I am a massive fan of the generic, OSR-style monster lists. I can put them in any world, and then use that as a "soup stock" for a base monster list while I develop my own.
Now, the ToV lists are different, and a bit more Migard-focused, but I have not experienced most of them before, and if I am playing ToV, then all my worlds are on the Labyrinth anyway. The ToV monsters fit there, and are universe-coherent. The special ToV dragons make sense, while variant D&D dragons would feel out of place.
So, for now, those non-ToV monster books are in storage, and I will play with what I got.
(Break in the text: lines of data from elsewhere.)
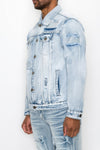 DIAMOND DENIM JACKET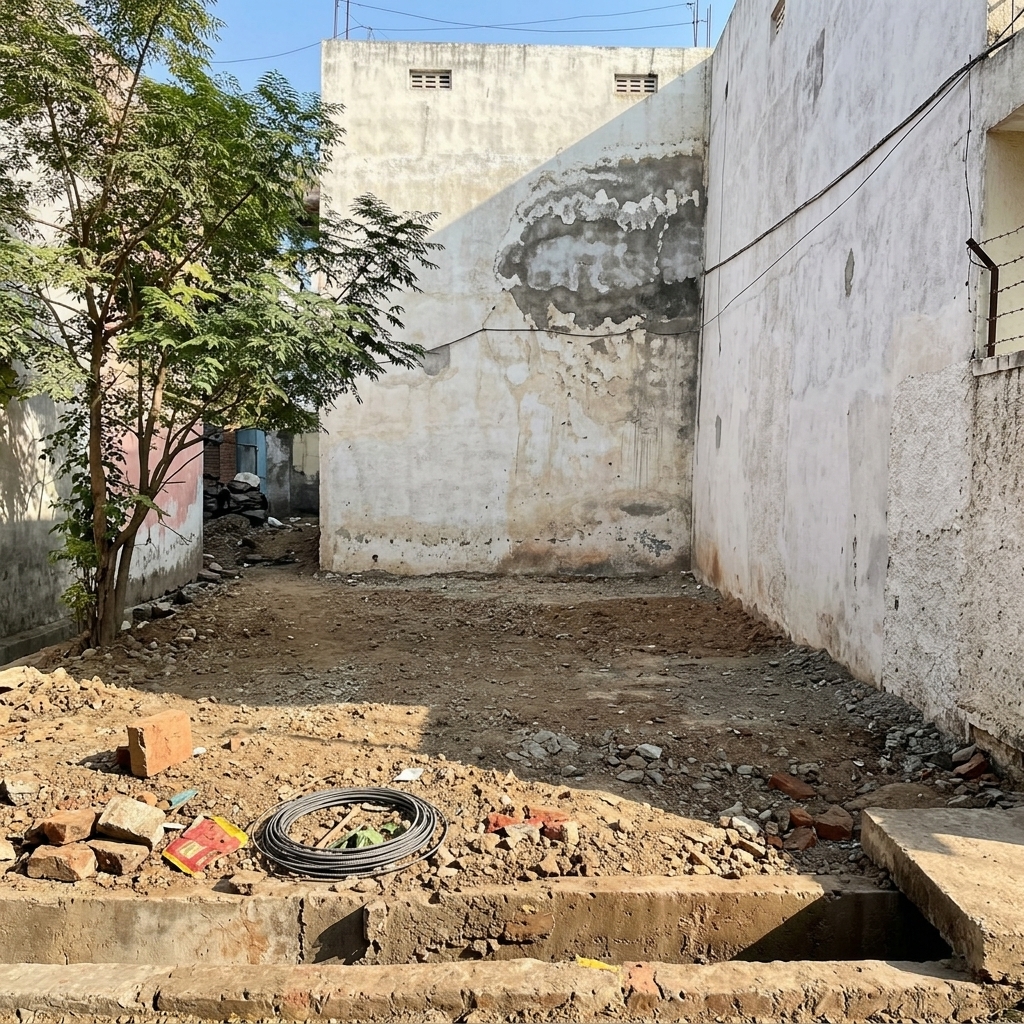 Expansive CI Estate Plot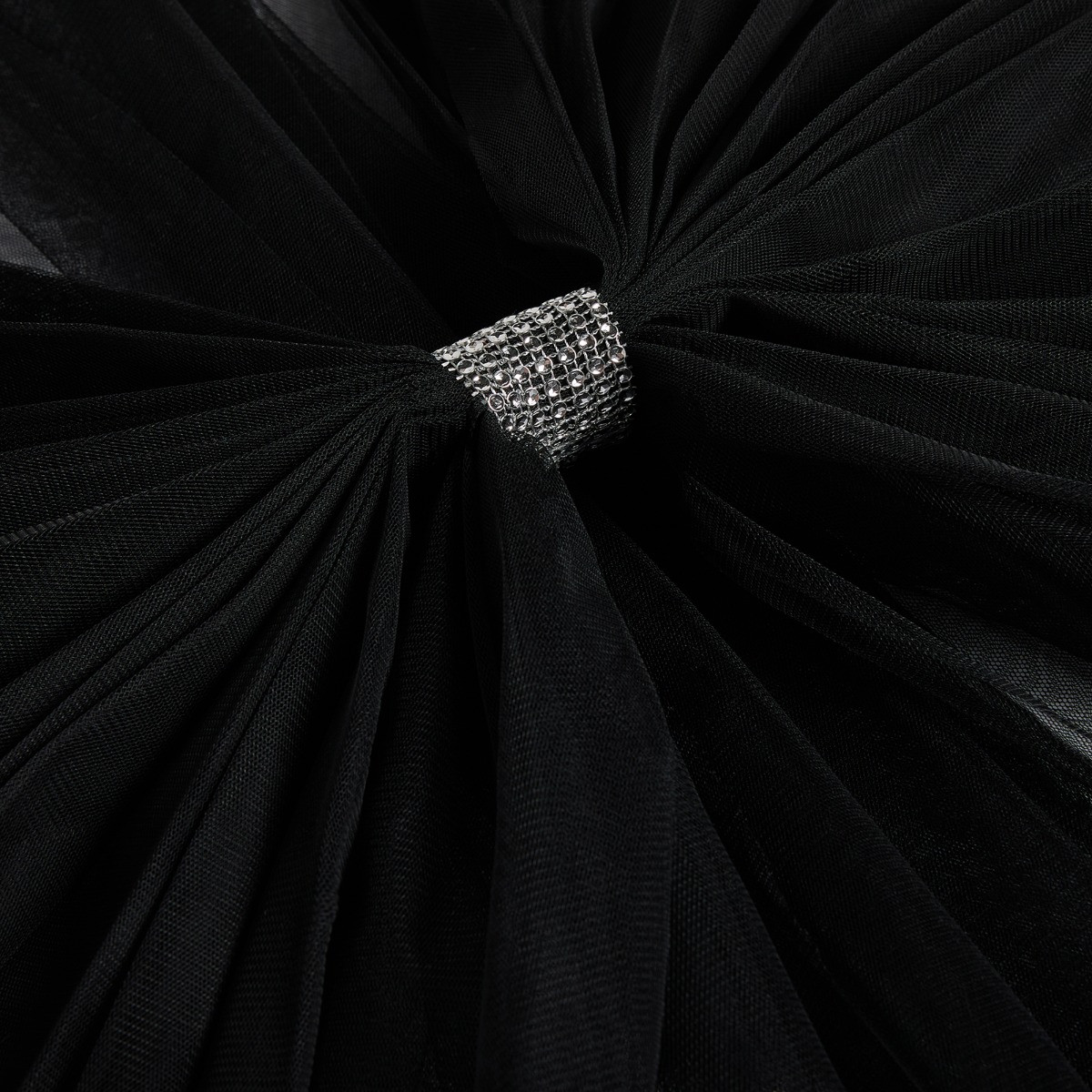 OHS Bow Door Decoration - Black>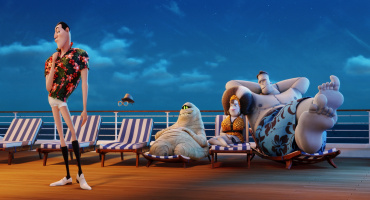 Мультфильм "Монстры на каникулах 3: Море зовёт" лидирует в самый кассовый за 8 недель четверг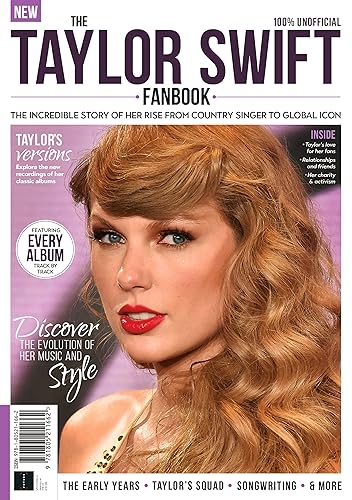 The Ultimate Taylor Swift Fan Pack - featuring a magazine, art cards, posters, stickers and CALENDAR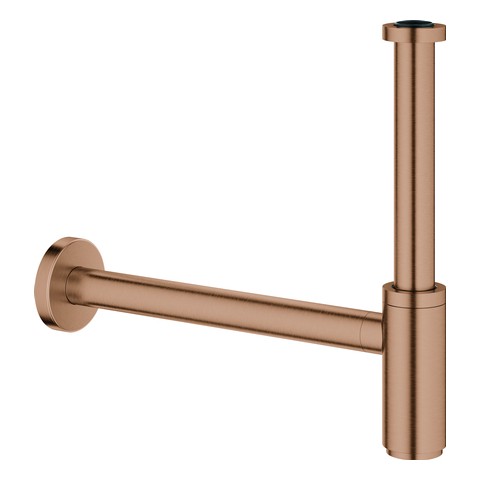 GROHE Geruchverschluss 28912 für Waschtische 1 1/4" warm sunset geb. 28912DL0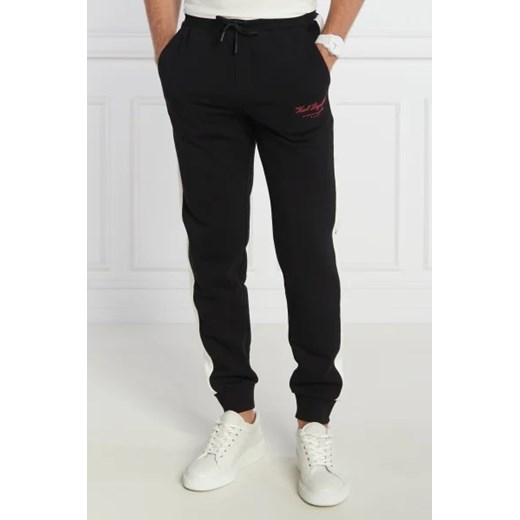 Karl Lagerfeld Spodnie dresowe SWEAT | Regular Fit ze sklepu Gomez Fashion Store w kategorii Spodnie męskie - zdjęcie 172954388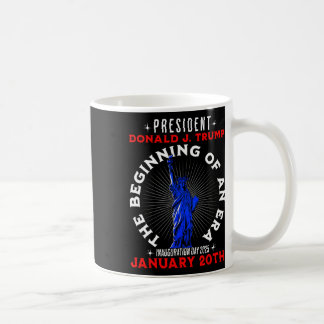 Caneca De Café 47.º Dia da Inauguração do Presidente dos EUA Trum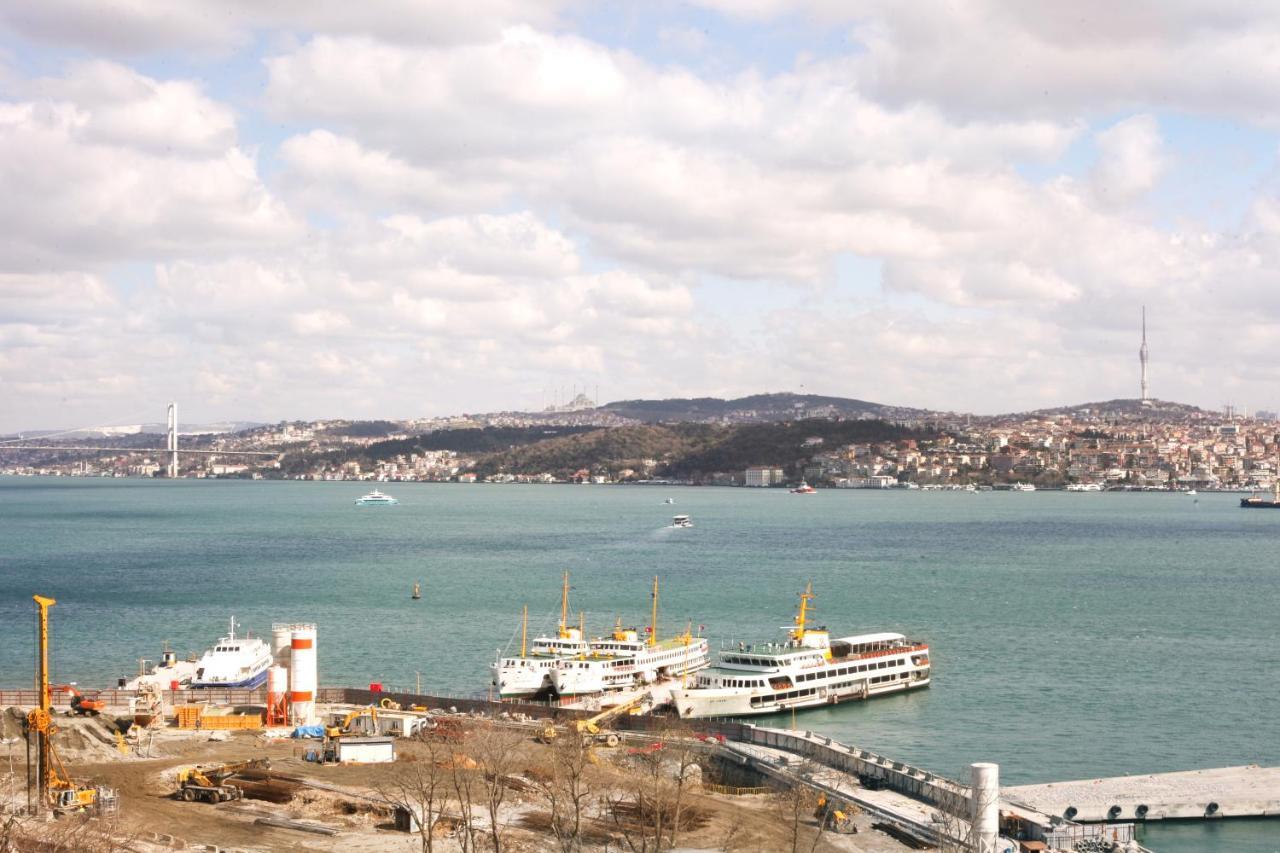 Etiz Hotels Bosphorus Istambul Exterior foto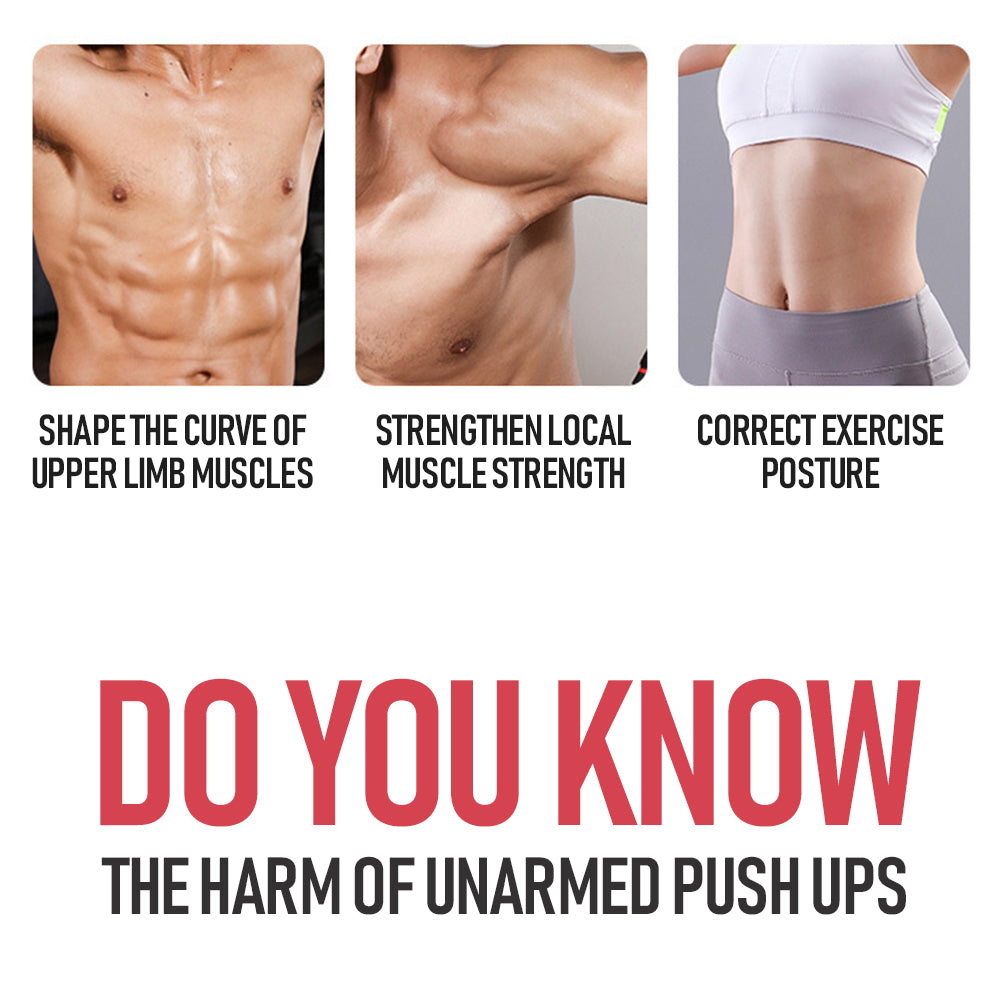 Push up Stand For Men - Home Fitness Equipment - Portable Push up Board Muscle Train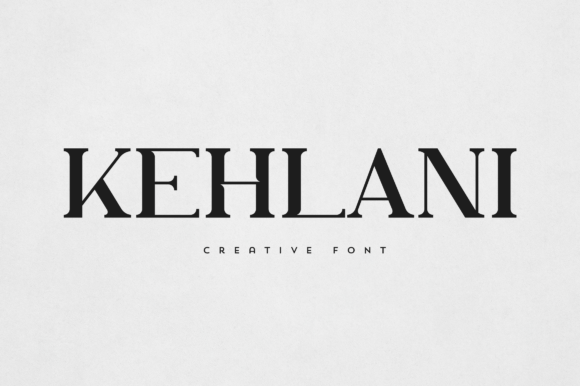 Kehlani: The Serif Typeface That Elevates Campaign Design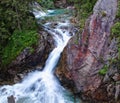 The Waterfalls Mickiewicz Royalty Free Stock Photo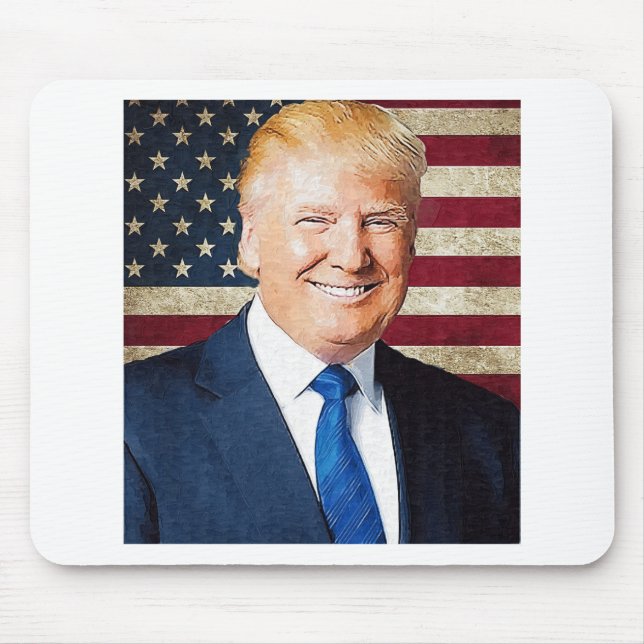 Mousepad Donald Trump (Frente)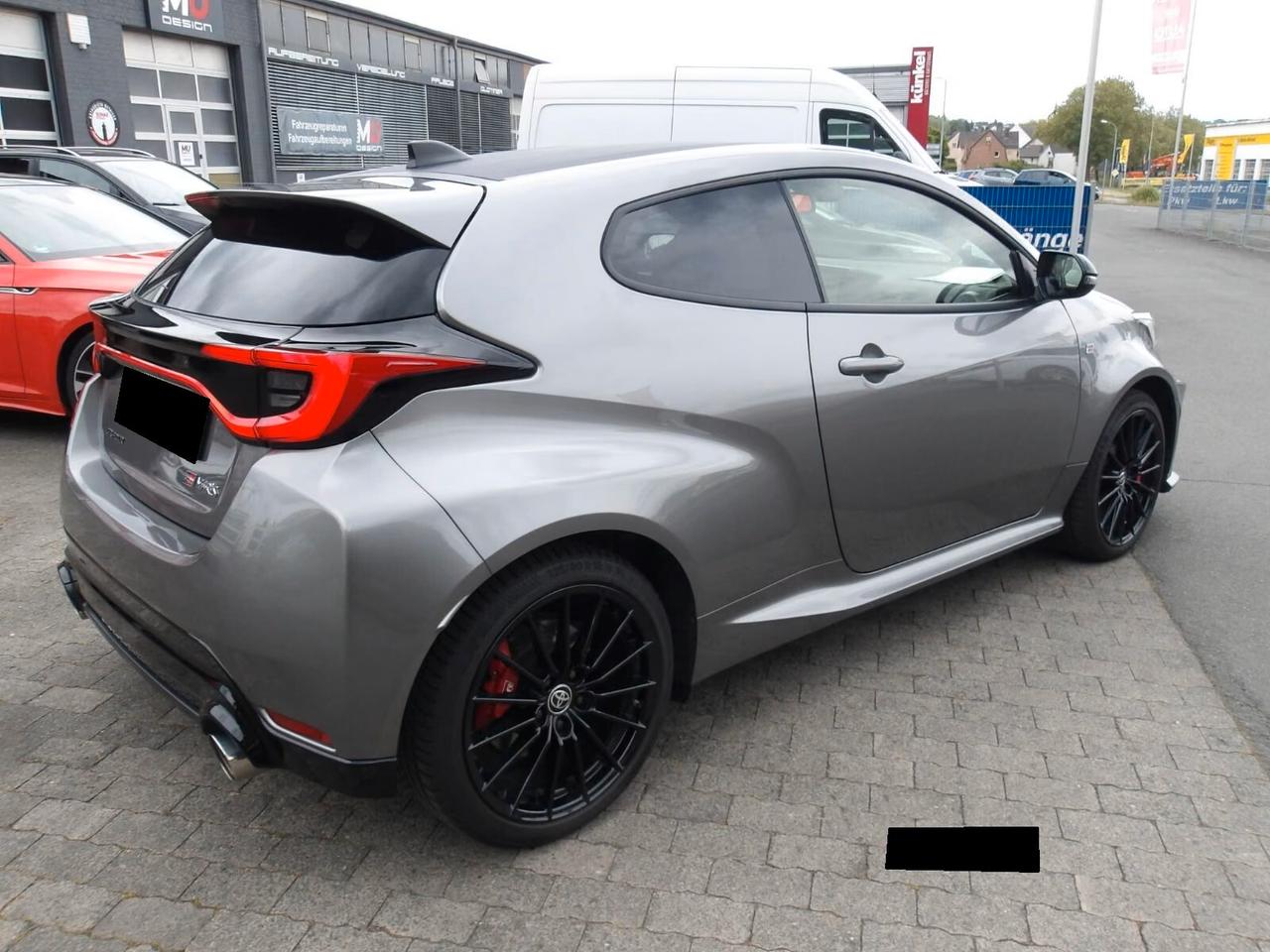Toyota Yaris 1.6 Turbo 3 porte GR Circuit DAT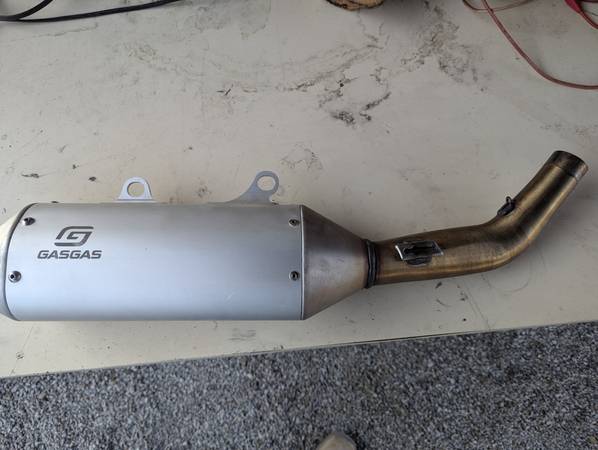 2023 GasGas MC450 MUFFLER 1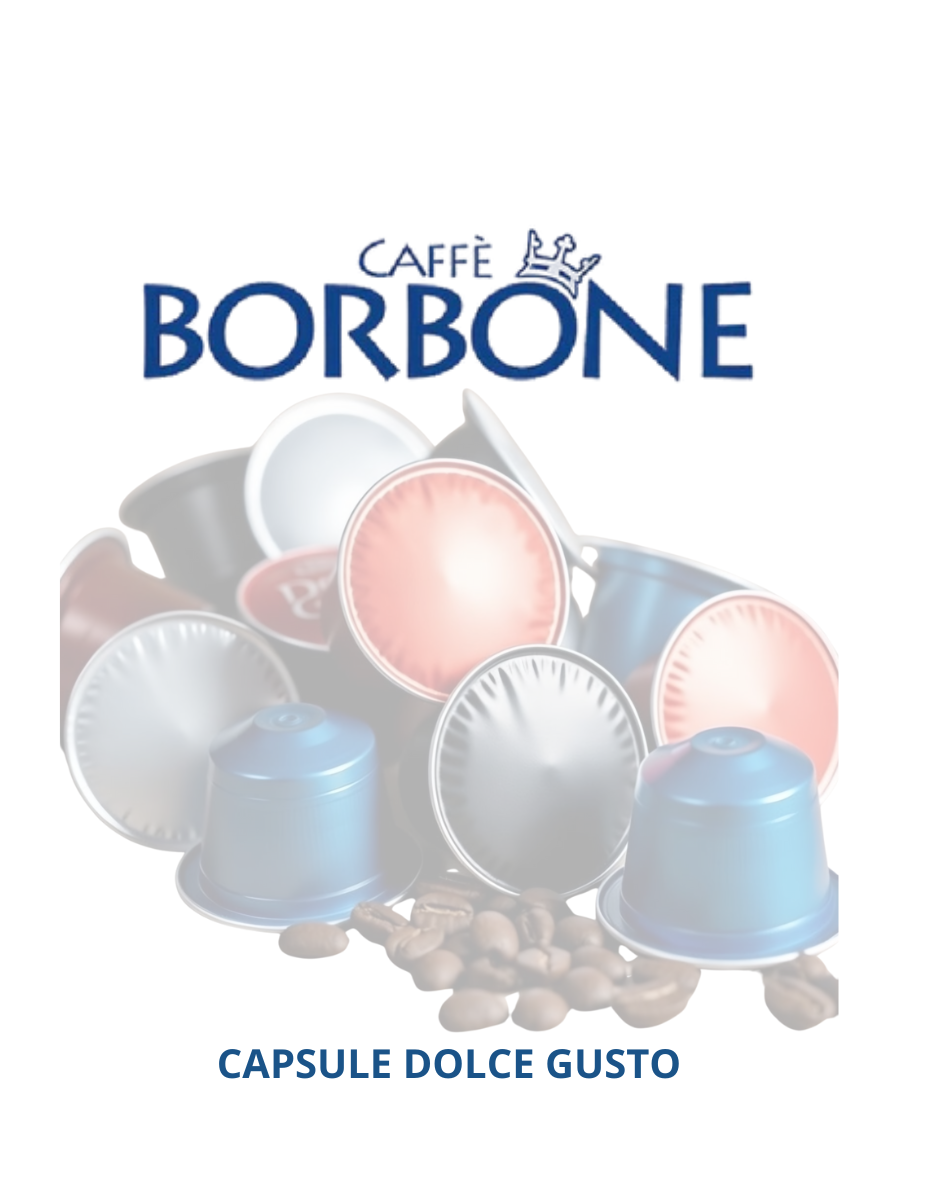 Caffè Borbone capsule compatibili Dolce Gusto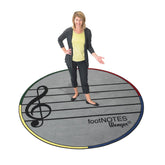 Wenger footNOTES classroom rug – 7ft 7in oval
And the ToV Game Master's Guide includes 35 pages on how to create monsters! This is an incredible addition to the game, 10% of the book, and you can make monsters by starting at a CR and going from there. If I wanted all new monsters in an all-new world, I could have them. Do I want to make CR 4 "security robots" that are controllers? I got them in a few steps. Making my own creatures was one of the best parts of D&D 4E, and I heard they got rid of the rules in D&D 2024, which is a shame.
The players never knew what to expect, and I could toss together memorable NPC villains with the system, like a kobold baker who could throw wads of sticky dough to slow or entangle, or even blind characters or create dust clouds to interfere with missile fire with flour. That NPC was so hilarious; he stuck around, became a favorite enemy of my players, and eventually won the kobold cook over to work as a chef in town.
This is the process of crafting a campaign, figuring out which books you want to use, and brainstorming with the tools you have.